Inflection 2.5 - Inflection has launched Inflection-2.5, an enhancement to its personal AI, Pi, blending high emotional intelligence (EQ) with increased intellectual abilities (IQ) to challenge the leaders in the large language model (LLM) field, such as GPT-4. This upgrade, developed with 40% less compute, promises improved performance in technical areas like coding and mathematics, along with integrated real-time web search for timely information.
Awesome Research Papers
An innovative vision transformer based on the transformer-based architecture used in large language models like LLaMA. VisionLLaMA, which exists in both plain and pyramid forms, is designed specifically for image processing tasks. It represents a unified framework for a variety of vision-related applications, with a focus on image perception and generation. Comprehensive evaluations reveal that VisionLLaMA surpasses prior state-of-the-art vision transformers in performance. It is poised to become a robust baseline model for research in vision generation and understanding, with the source code made available on GitHub.
The Orca-Math project by Microsoft demonstrates that smaller language models (SLMs) can perform complex tasks like grade school math problem-solving, traditionally a challenge for AI, at levels comparable to much larger models. Orca-Math, a 7 billion parameter model fine-tuned from Mistral 7B, impressively scores 86.81% on the GSM8K benchmark, outperforming bigger general and math-specific models. Its success is attributed to training on high-quality synthetic data of 200,000 math problems, created through a multi-agent system called AutoGen, and an iterative learning approach that relies on continuous practice and feedback without the need for external tools or costly ensembling techniques. The research underscores the efficacy of SLMs in specialized tasks and the significant potential of teacher-student iterative learning to enhance model performance.

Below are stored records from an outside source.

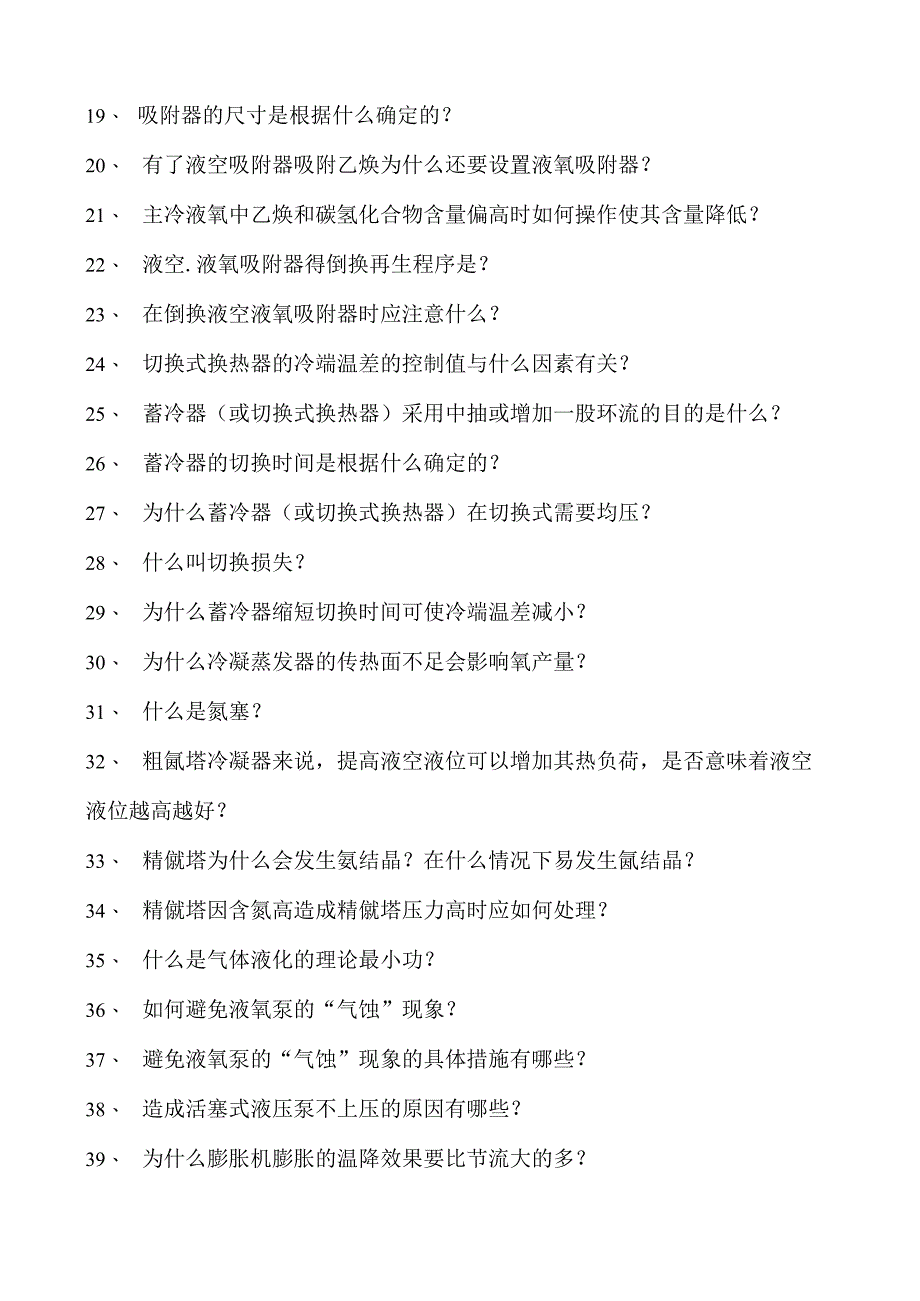 空分操作工高级空分工试卷(练习题库).docx_第2页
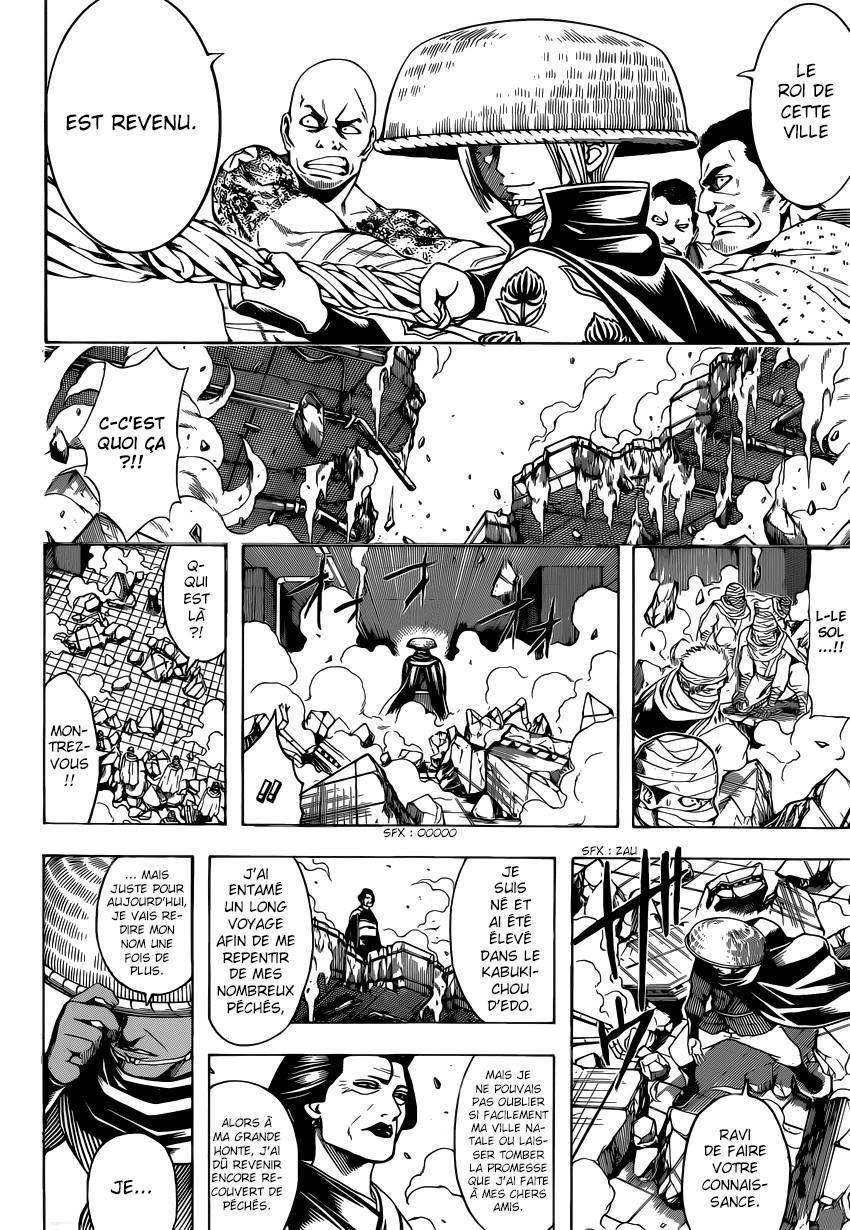 Lecture en ligne Gintama 621 page 19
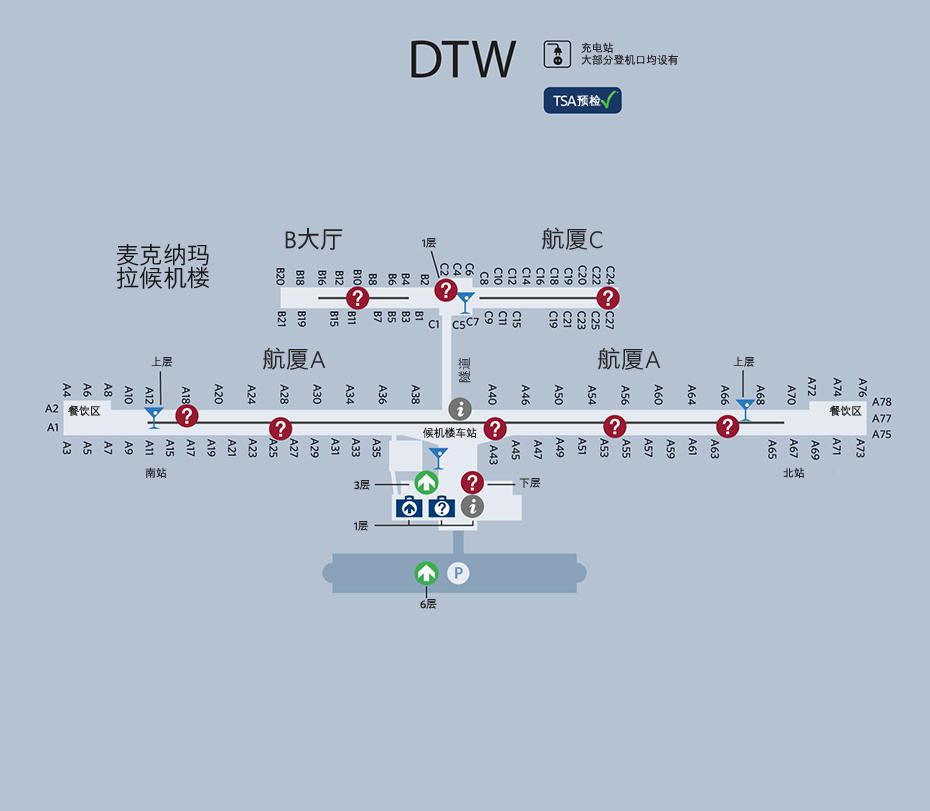 底特律韦内县大都会机场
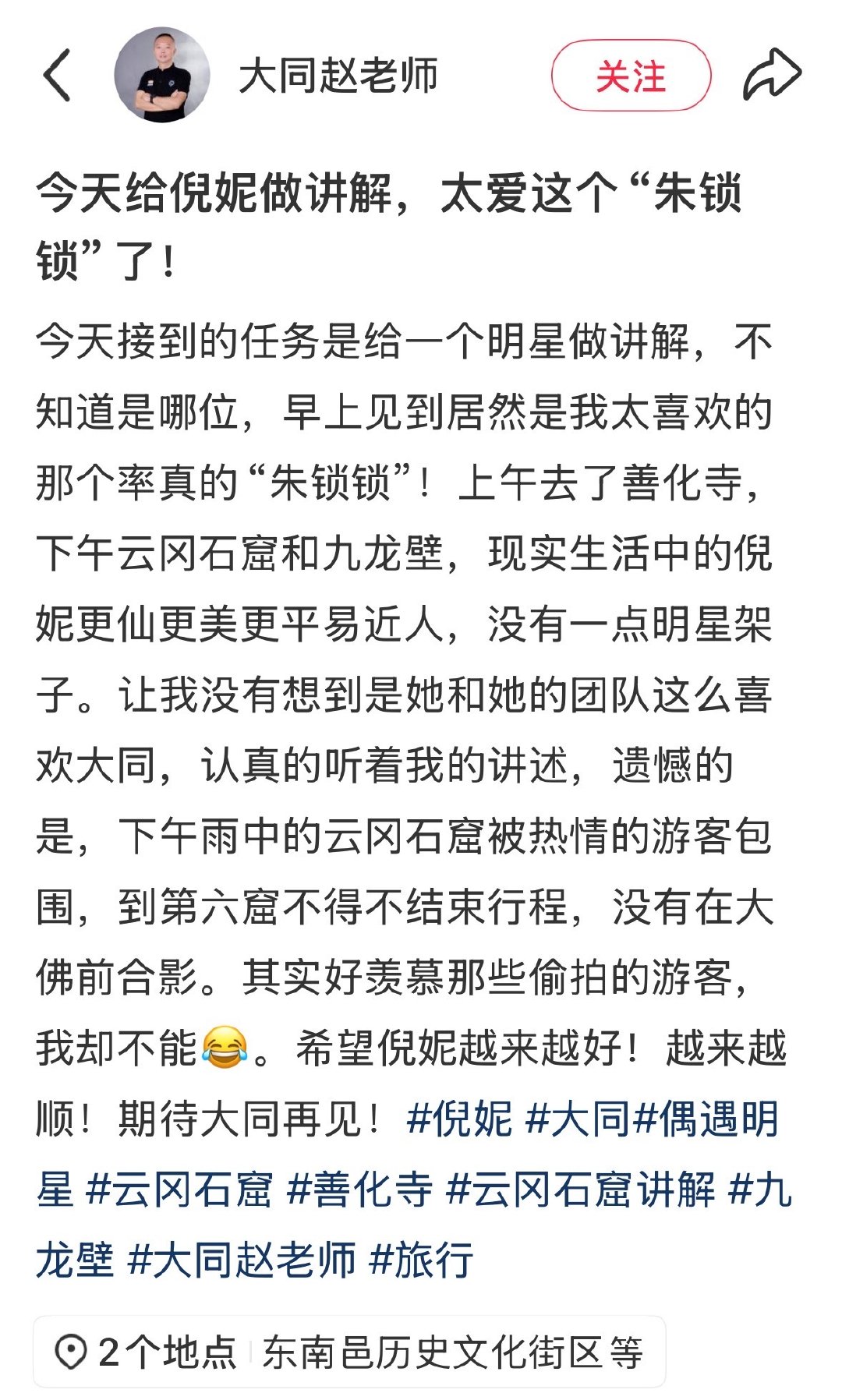 #倪妮[超话]# [心]#倪妮路评# 
“让我没有想到的是她和她的团队这么喜欢大同”💓 ​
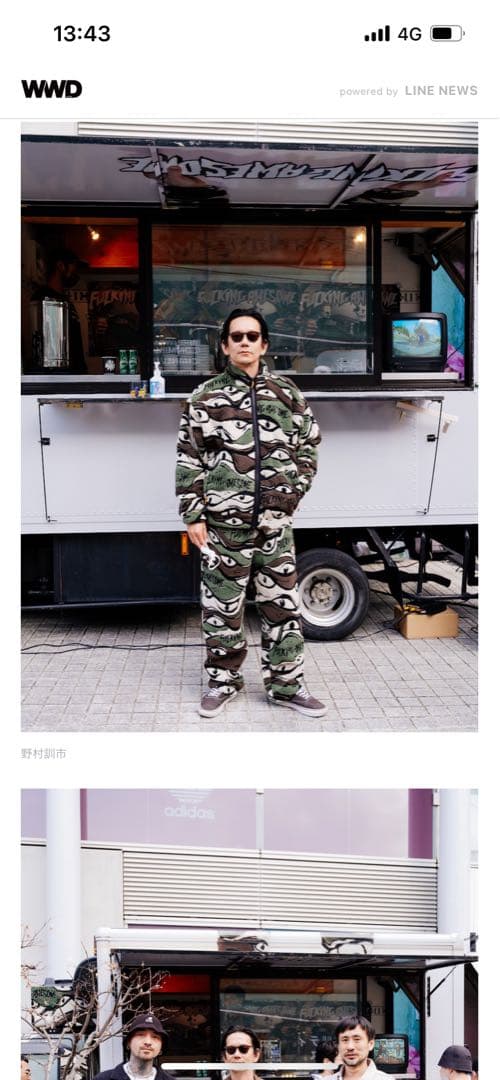 adidas × fucking awesome パンツ 野村訓市氏着用モデル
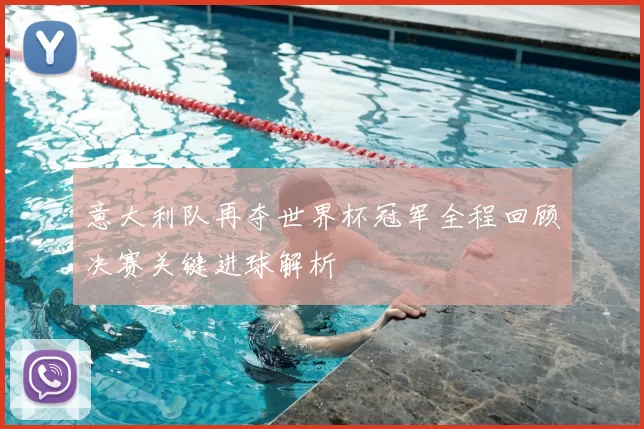 意大利队再夺世界杯冠军全程回顾决赛关键进球解析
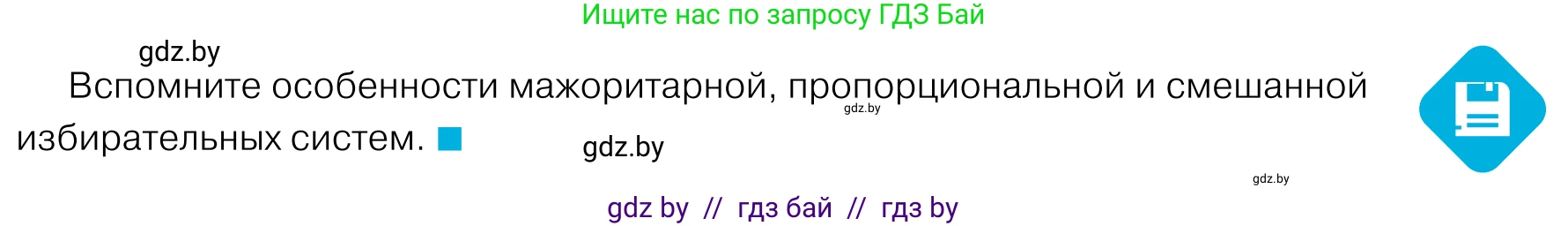 Обществоведение, 11 класс Учебник, авторы: Чуприс Ольга Ивановна, Балашенко Сергей Александрович, Денисюк Нина Павловна, Калинин С А, Киселёва Т М, Короткевич М П, Михалёва Т Н, Петоченко Т М, Побережная О Е, Подкопаев В В, Салей Е А, Шидловский А В, издательство Адукацыя i выхаванне, Минск, 2021, салатового цвета, страница 123, Условие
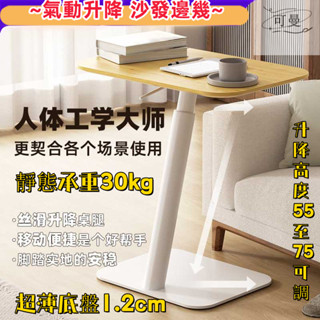 免運【工廠直髮】氣動陞降桌邊幾小桌子床頭茶桌小茶幾床邊桌可移動電腦桌沙髮邊幾側邊桌茶几桌 升降桌子 床邊桌方桌圓桌圓茶几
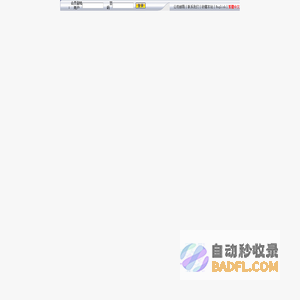 北京华融塑胶有限公司网站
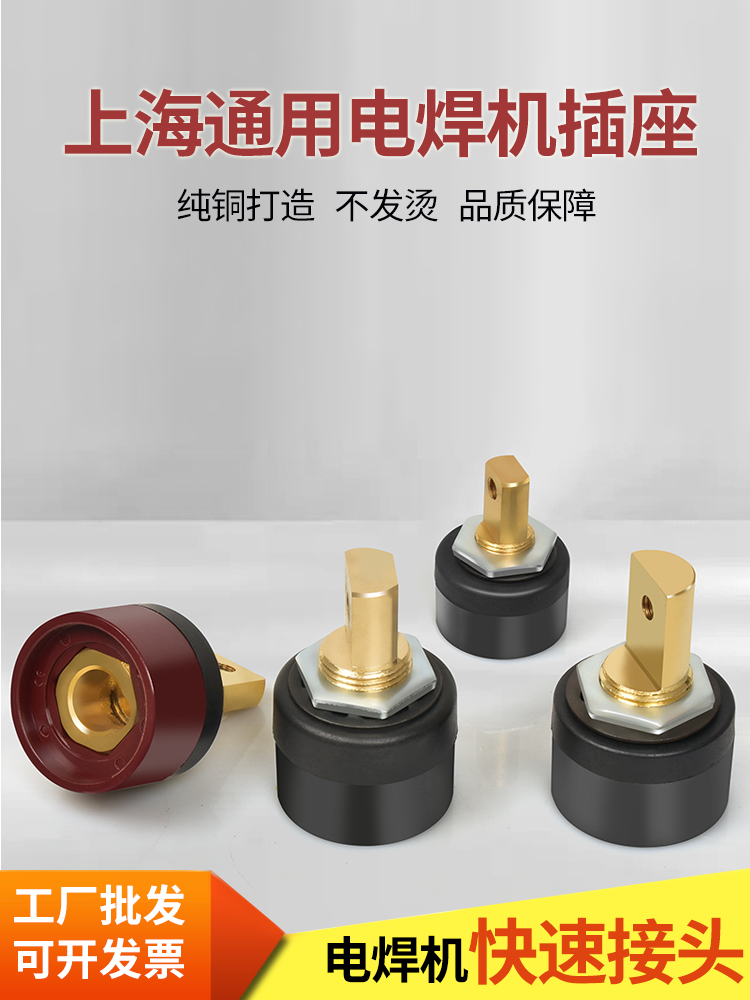 上海通用200I/280/315/400后板式插座电焊机快速接头纯铜插头配件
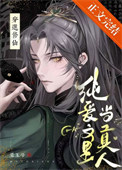 《修仙纯爱文里当掌门》封面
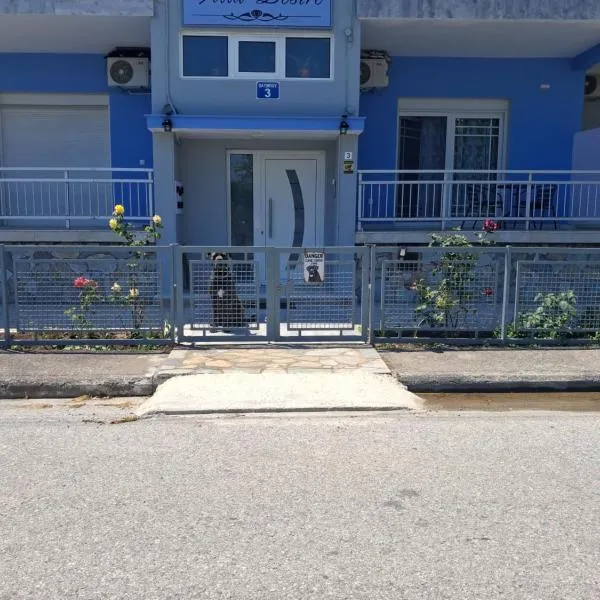 Villa Desire, hotel em Korinós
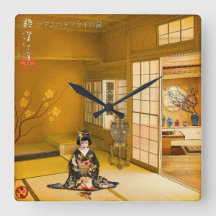 The Tears of Madama Butterfly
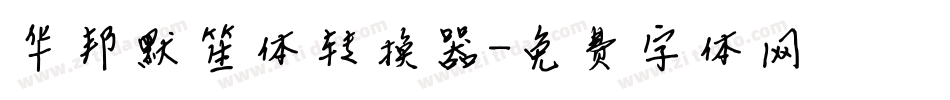 华邦默笙体转换器字体转换
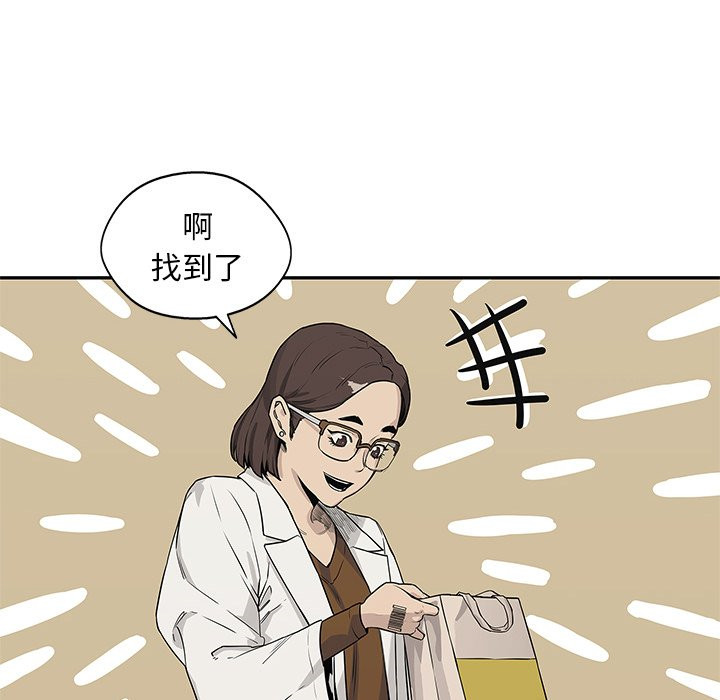 《快递骑士》漫画最新章节第107话 最后一件事免费下拉式在线观看章节第【27】张图片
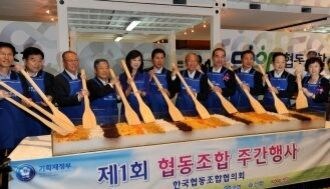 韓国で続く｢協同組合｣設立ブーム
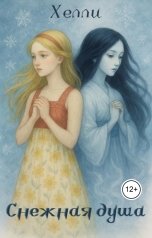 обложка книги ХелЛи "Снежная душа"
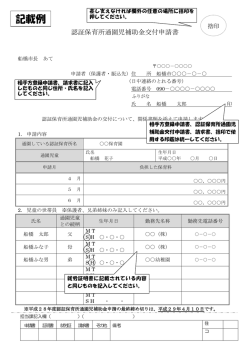 認証保育所通園時補助金交付申請書 記載例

This work introduces Chain-of-Abstraction (CoA), a new method empowering large language models (LLMs) to improve multi-step reasoning by planning with abstract reasoning chains. CoA trains LLMs to create reasoning chains with placeholders before invoking specific domain tools to fill in details, fostering more general strategies and robustness to domain knowledge shifts. It offers dual benefits: enhancing QA accuracy by ~6% over current methods, and accelerating inference speed by ~1.4 times, as validated in math reasoning and Wiki QA domains. This approach mitigates the inference delay typically incurred when LLMs wait for external tool responses.
This research investigates the Design2Code task, where multimodal Large Language Models like GPT-4V convert visual webpage designs into code. A benchmark of 484 web pages was created for assessment using automatic evaluation metrics and human evaluations. Results showed GPT-4V outperforming other models, with about half of its generated webpages being visually and content-wise on par with, or better than, the originals. However, open-source models fall behind in element recall and layout accuracy. While certain attributes like text and color benefit from fine-tuning, overall performance suggests generative AI is increasingly capable of transforming design into functional code.
The paper identifies a significant safety concern in large language models (LLMs): the presumption that their interpretation of content is purely semantic, which is not always the case in the real world. For instance, ASCII art in online forums can convey non-semantic information, revealing a vulnerability. The authors introduce a novel ASCII art-based attack (ArtPrompt) and the Vision-in-Text Challenge (ViTC), a benchmark for evaluating LLMs on non-semantic prompt recognition. They demonstrate that leading LLMs like GPT-3.5, GPT-4, and others fail to process ASCII art accurately, making them susceptible to ArtPrompt. This attack, executed with only black-box access, can effectively compromise the models' safety measures to trigger undesired behaviors.